Fiyatlara gözaltı

Fiyatlara gözaltı
OHAL, afet ve ekonomik dalgalanma dönemlerinde görev yapacak kurulun görev ve yetkileri belirlendi. Kurul, fahiş fiyat artışı ve stokçuluk uygulamalarının denetlenmesini sağlayacak.Ticaret Bakanlığı bünyesinde oluşturulacak Haksız...

OHAL, afet ve ekonomik dalgalanma dönemlerinde görev yapacak kurulun görev ve yetkileri belirlendi. Kurul, fahiş fiyat artışı ve stokçuluk uygulamalarının denetlenmesini sağlayacak.

Ticaret Bakanlığı bünyesinde oluşturulacak Haksız Fiyat Değerlendirme Kurulu’nun görev ve sorumlulukları belirlendi. Vatandaş markette veya herhangi bir yerde gördüğü ürünün fiyatının fahiş fiyat olduğunu düşünüyorsa kurula başvurabilecek.
Resmi Gazete’de yayımlanan yönetmelik, kurulun görev ve yetkilerinin yanı sıra üretici, tedarikçi ve perakende işletmelerin fahiş fiyat artışı ve stokçuluk uygulamalarının denetlenmesine ve idari para cezalarının uygulanmasına ilişkin esasları da düzenliyor.
13 ÜYEDEN OLUŞACAK
Reuters’ın aktardığına göre, kurul, Ticaret, Adalet, Hazine ve Maliye Bakanlığı, Sanayi ve Teknoloji Bakanlığı ile Tarım ve Orman Bakanlığı tarafından görevlendirilen ilgili birim müdürleri, sektör kuruluşları temsilcileri de dahil olmak üzere 13 üyeden oluşacak. Kurul, fahiş fiyat artışı ve stokçuluk uygulamalarına karşı piyasa dengesini ve tüketicileri korumaya yönelik incelemeleri yaparak gerekli tedbirleri alacak ve bunların uygulanmasını sağlayacak. Bu denetim ve incelemelere ilişkin üretici, tedarikçi ve perakende işletmenin savunmasını alacak.
PARA CEZASI VEREBİLECEK
Kurul ayrıca, fahiş fiyat artışı ve stokçuluk uygulamaları ile ilgili ilke ve kuralları belirleyecek. Perakende ticaretin düzenlenmesi hakkında kanunda belirtilen yükümlülüklere aykırı hareket ettiği tespit edilen üretici, tedarikçi ve perakende işletmeler hakkında idari para cezası kararı alacak ve uygulanmasını sağlayacak.

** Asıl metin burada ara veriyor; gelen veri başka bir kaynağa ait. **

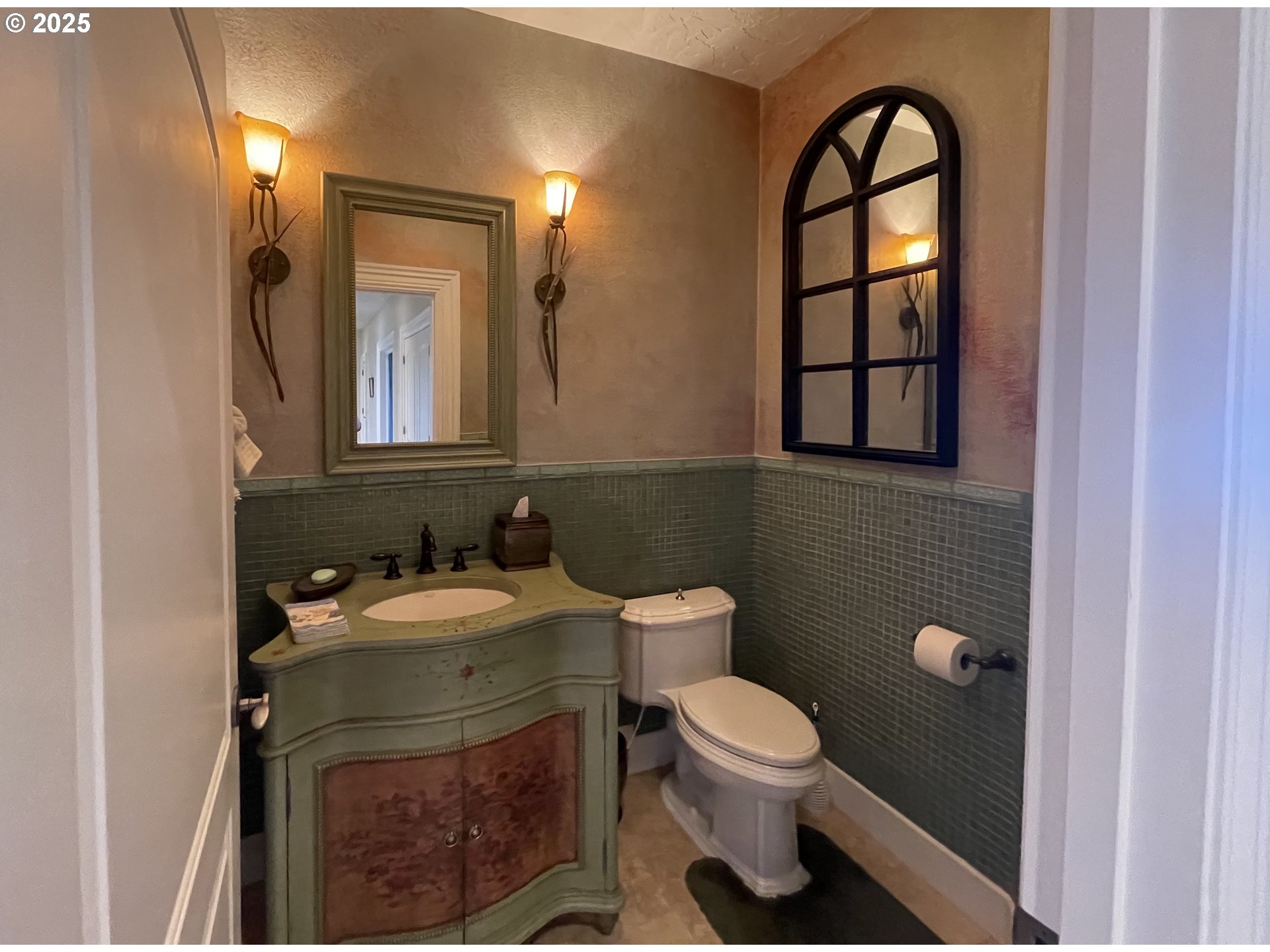 17100 Pacific Heights Brookings, OR 97415 - Photo 33 of 42 Bathroom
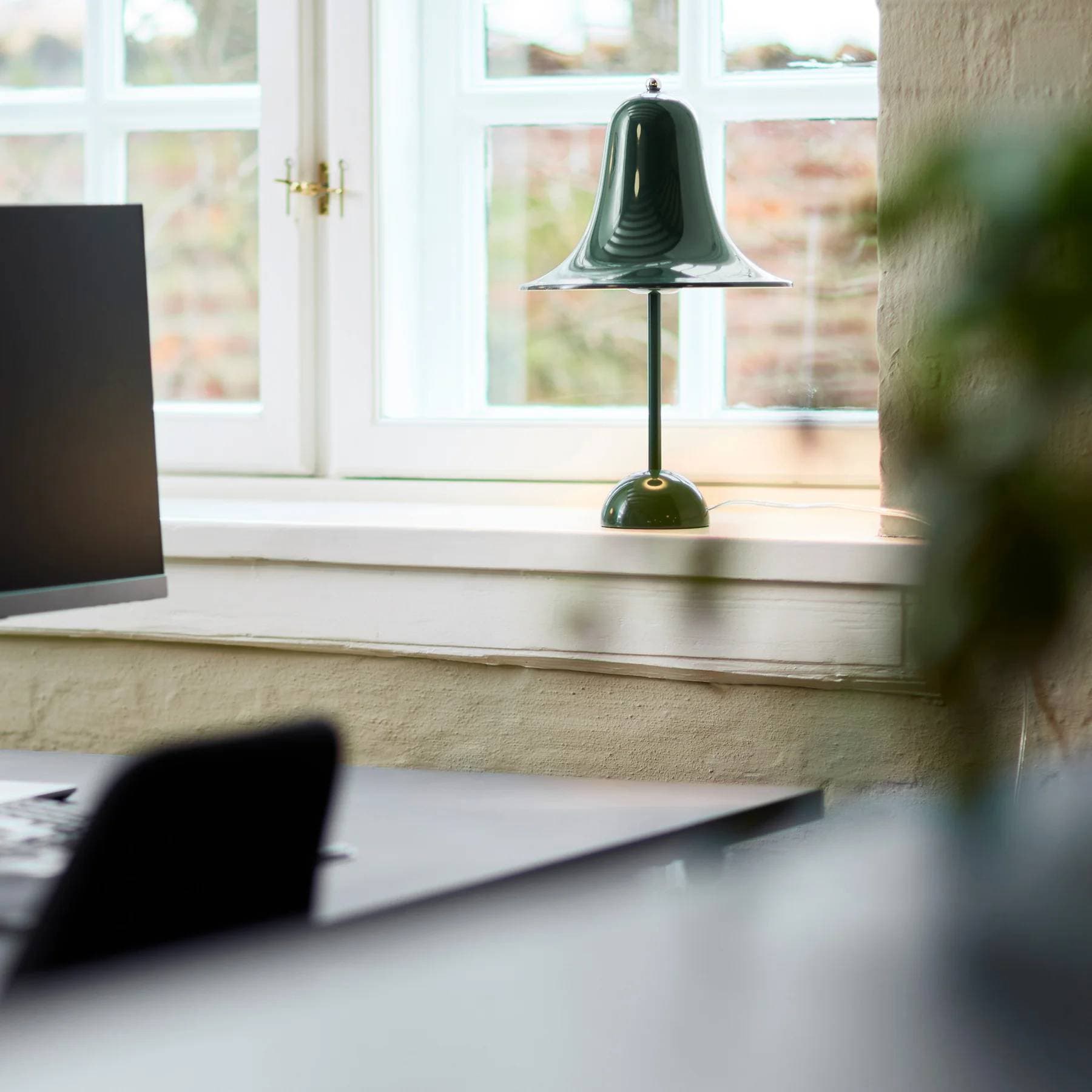 Портативный настольный светильник VERNER Pantop Portable Verpan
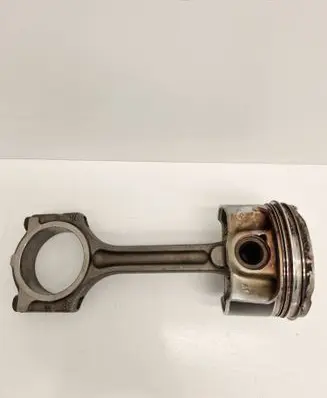 Renault Captur Piston with connecting rod 72L74 G8171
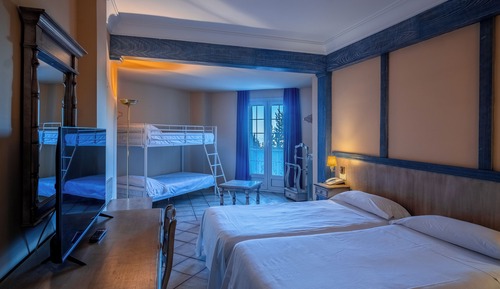 Habitación cuádruple estándar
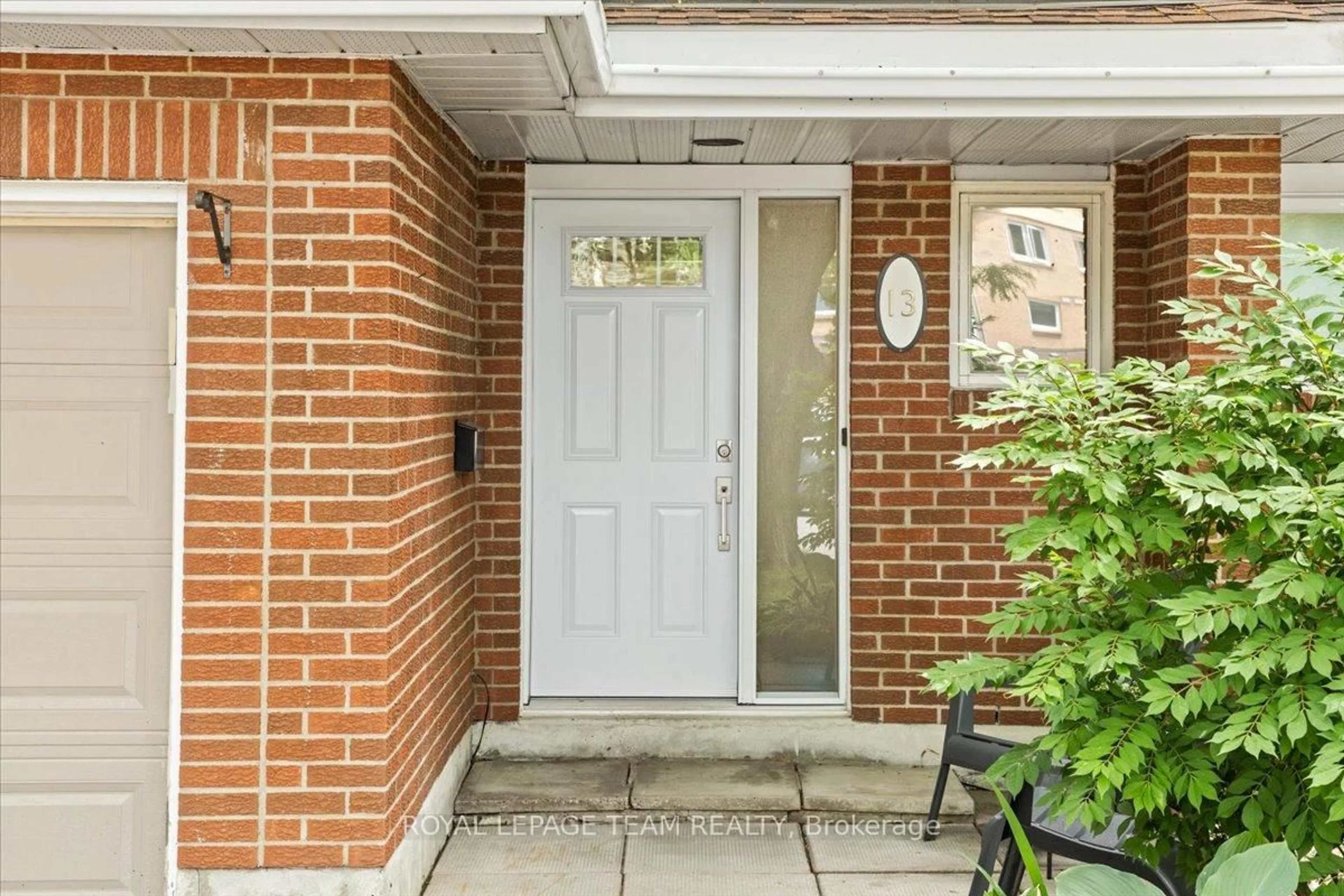 Indoor entryway for 13 Kedgewick Crt, Ottawa Ontario K2G 4M9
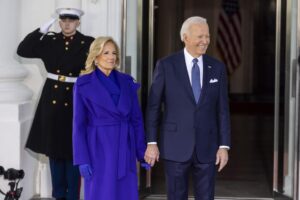 Fotografía de archivo del presidente estadounidense Joe Biden (d) (2021-2025) y la ex primera dama Jill Biden. EFE/Jim Lo Scalzo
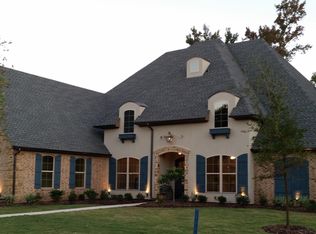 5075 Northcrest Chase, Longview, TX 75605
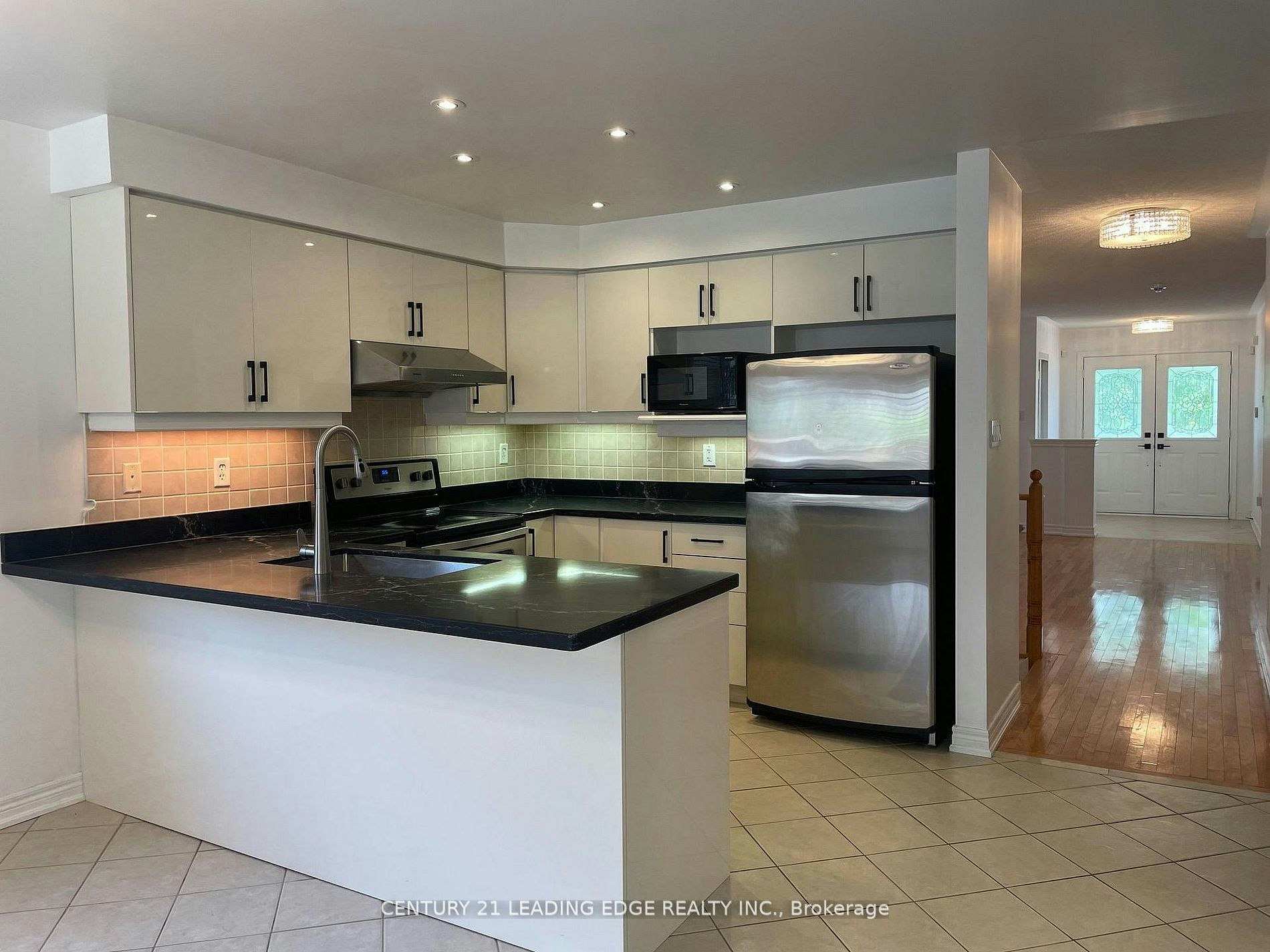 29 Pardon Ave Avenue, Whitby, ON, L1P 1V1 - 7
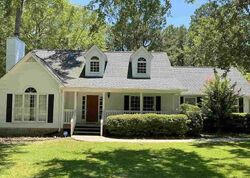 Pre-foreclosure in  KINGS FOREST DR Leeds, AL 35094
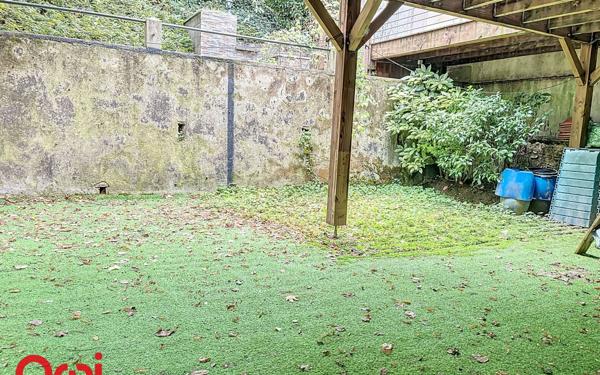 Maison à vendre    5 pièces •  Lavault-Sainte-Anne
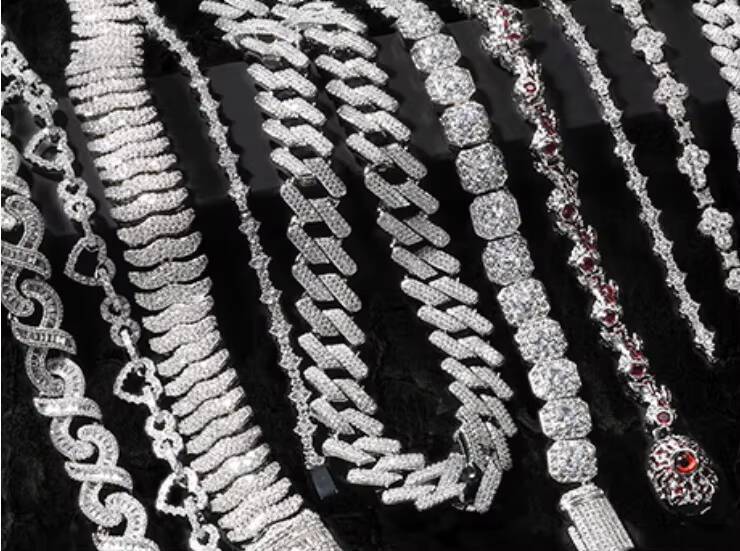 New Personalized Custom 925 Silver Moissanite Ring Fashionable Light Luxury Flower Diamond Ring Hand Ornament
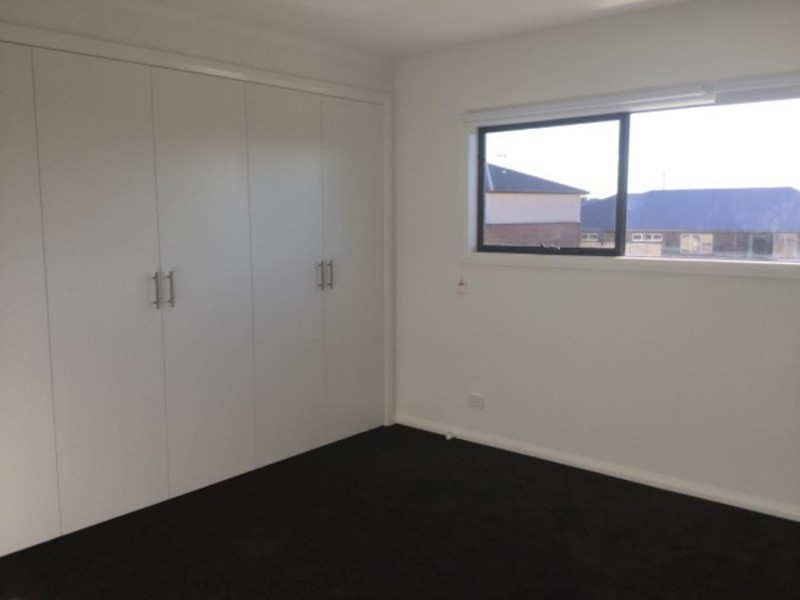 4/9 Toorak Drive, Irymple VIC 3498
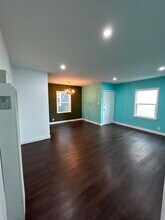 5510 York Blvd, Unit 5510 YORK BLVD. in Los Angeles, CA - Building Photo - Building Photo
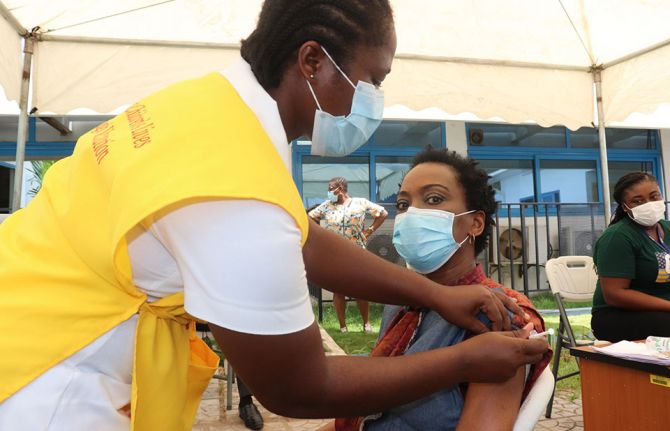 COVID-19 vaccination in Ghana, March 2021. Credit: UNAIDS COVID-19 vaccination in Ghana, March 2021. Credit: UNAIDS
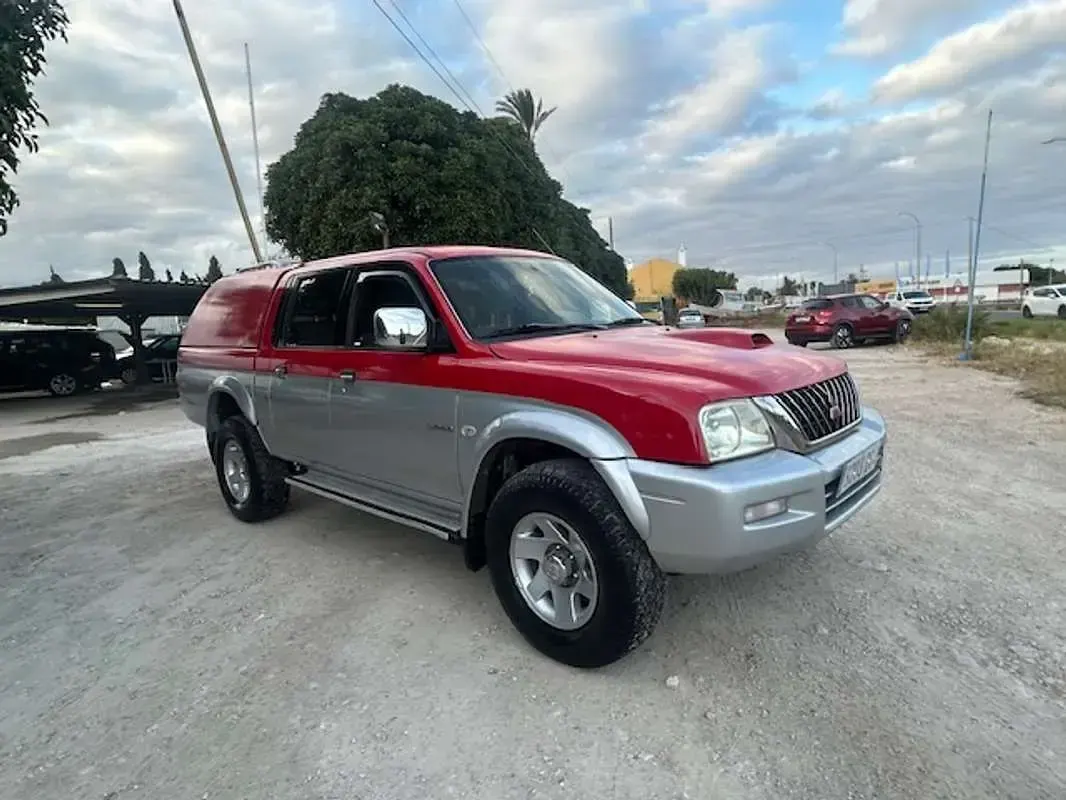 Usado Mitsubishi L200 114 CV (83 kW) 2004 Rojo Pickup/Camioneta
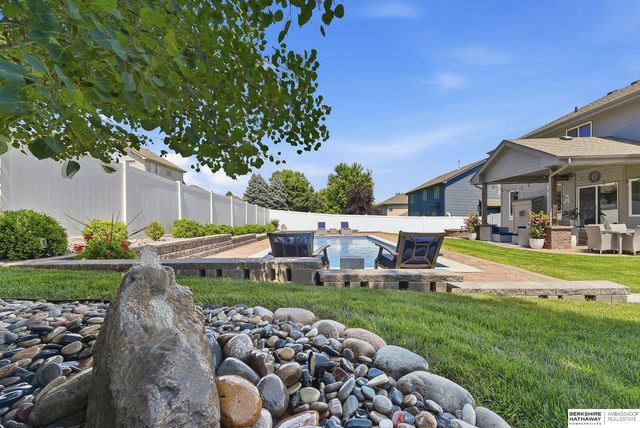 7414 S 171 Street, Omaha, NE 68136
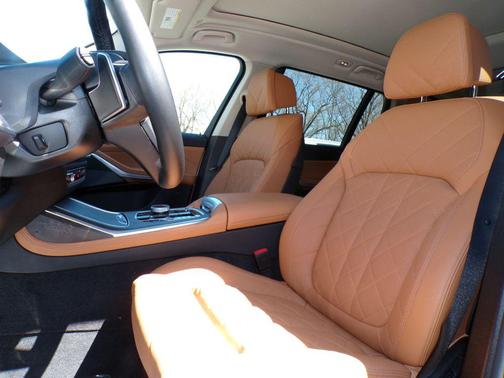 Alpine White 2026 BMW X7 xDrive40i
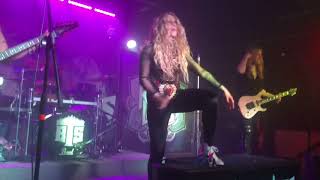 Kobra And The Lotus - The Chain (live)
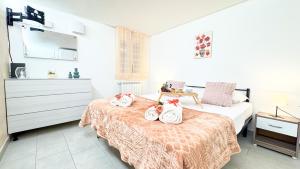 Ένα ή περισσότερα κρεβάτια σε δωμάτιο στο Sweet Apartment by Ca-Sa Check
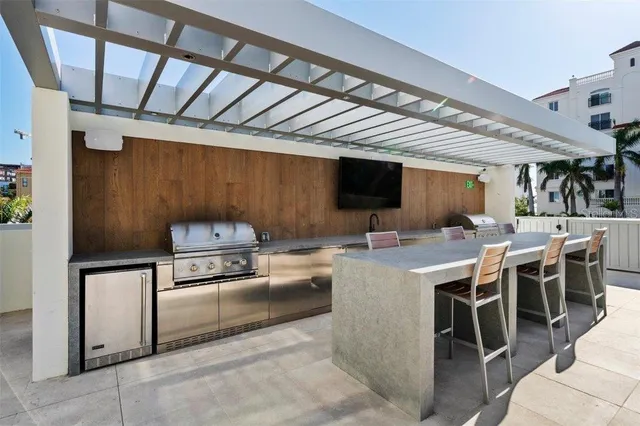 $5,995,000 | 111 Golden Gate Point, Unit 802PH, Sarasota, FL 34236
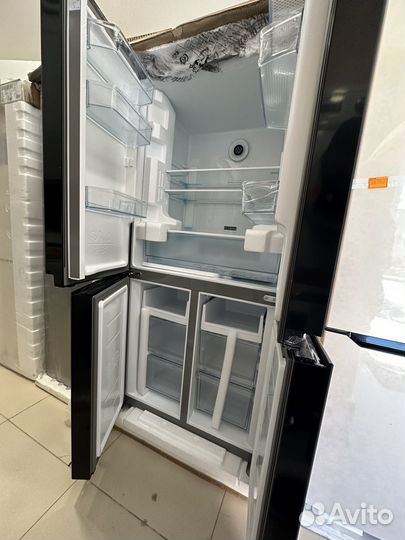 Холодильник 4х дверный черного цвета сухой мороз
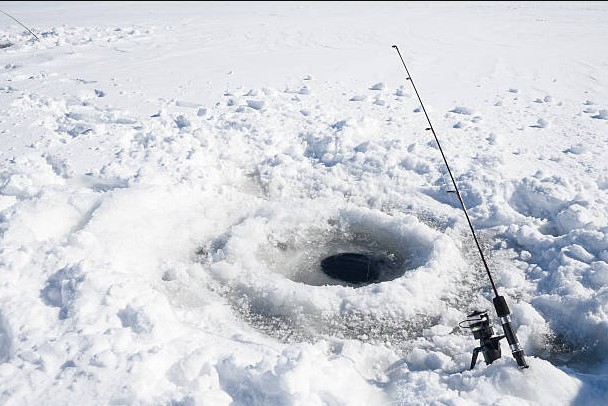 Известный бизнесмен отправился на зимнюю рыбалку в дикий мороз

Anayasa’ya aykırı, Rekabet Kurumu diye bir şey var

Ekonomist Veysel Ulusoy, Haksız Fiyat Değerlendirme Kurulu’nu Gazete Pencere’ye değerlendirdi. Türkiye’de serbest piyasa ekonomisi politikası olduğunu vurgulayan Ulusoy, “Öyle bir kurum oluşturamazlar. Çünkü bu Rekabet Kurumu’nun görevleri arasına girer. Böyle oynak bir ekonomik düzlemde zaten fiili olarak Ticaret Bakanlığı, Sanayi Bakanlığı haksızlıklara karşı Zabıta yöntemiyle de müdahale edebiliyor. 2 yıl önce zabıtalar marketleri basıyorlardı. Bunu yapabilir, bunun üzerine çıkmak için yapılan bir kavram. Ama Rekabet Kurulu ile çakışacak yöntemleri var, çünkü Rekabet Kurulu Anayasal bir kurumdur. Böyle kriz anlarında, buhran anlamında stokçuluğu önlemek, enflasyonu kontrol altına almak için bir yöntem olarak kullanılan bir kurumlar niteliğinde olacaktır.”
“İçerideki fiyatları baskılamak yöntemiyle aşağı indirmek amaç olarak seçilmiş olabilir ama bu iyi bir yöntem değil. Bu üretimi etkiler, bu tüketimi etkiler, bu bir sonraki aşamada özellikle tarımda kıtlığa neden olabilecek bir olaydır. (Para cezası kesme yetkisi hakkında) Böyle bir yetkileri yok, para kesme cezası belediyelere aittir, burada amaç biraz daha değişik. Özellikle ithalattaki kısıtlamalar kanunla olmadı, Meclis’te konuşulmadı. Buradaki kıtlığı önlemek, ürün dağılımını güya doğal hale getirilmek için yapılan bir şey ama bir bakıma kıtlık yaratacak bir daha da kötüye götürecek mekanizmasıdır bunlar. Anayasaya da aykırı bir şey bu, çünkü Rekabet Kurumu diye bir kurum vardır ve her şeyin üstündedir.”